# I want to setup a FOWLR tank.



## dsudipto1980 (Sep 5, 2011)

Hi,
I want to setup a FOWLR tank (55G) and one of my LFS have suggested me, that using a LR and LS with a wavemaker and TOP filter (600L/hr) will do the job. I just want to confirm, that just a single TOP filter can be used in a Salt water fish tank?

I am so confused about the marine setup by reading so many threads from the internet.


----------



## Reefing Madness (Aug 12, 2011)

dsudipto1980 said:


> Hi,
> I want to setup a FOWLR tank (55G) and one of my LFS have suggested me, that using a LR and LS with a wavemaker and TOP filter (600L/hr) will do the job.
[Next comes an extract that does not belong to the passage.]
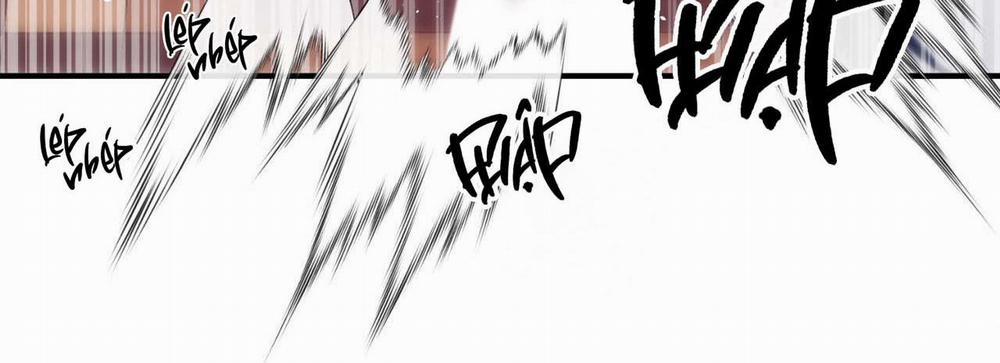 LIST SECRET CLUB 2.3 trang 14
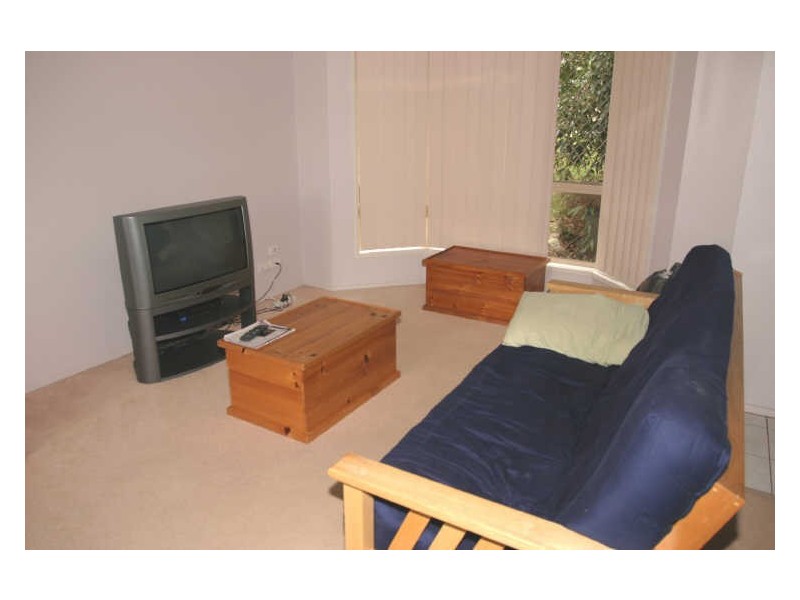 8 Housman Place, Calamvale QLD 4116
I just want to confirm, that just a single TOP filter can be used in a Salt water fish tank?
> I am so confused about the marine setup by reading so many threads from the internet.


With a FOWLR, yea you can get away with just using that filter, along with Live Rock and Live Sand. Wave maker not needed in there though, just use a couple of Powerheads to move the water around. And, a skimmer on that 55g is also recommended, one rated for 2 times your water volume. The skimmer will grab junk from the water column before it becomes an issue. Helps with your Trates.


----------



## dsudipto1980 (Sep 5, 2011)

Reefing Madness said:


> With a FOWLR, yea you can get away with just using that filter, along with Live Rock and Live Sand. Wave maker not needed in there though, just use a couple of Powerheads to move the water around. And, a skimmer on that 55g is also recommended, one rated for 2 times your water volume. The skimmer will grab junk from the water column before it becomes an issue. Helps with your Trates.


Thank You for the reply, can I fit the skimmer on the tank, as I do not want to install a sump at this moment.


----------



## Reefing Madness (Aug 12, 2011)

dsudipto1980 said:


> Thank You for the reply, can I fit the skimmer on the tank, as I do not want to install a sump at this moment.


Yup. I use a Hang On Back Skimmer myself, no sump. You just have to make sure your water level in the tank stays the same day to day.


----------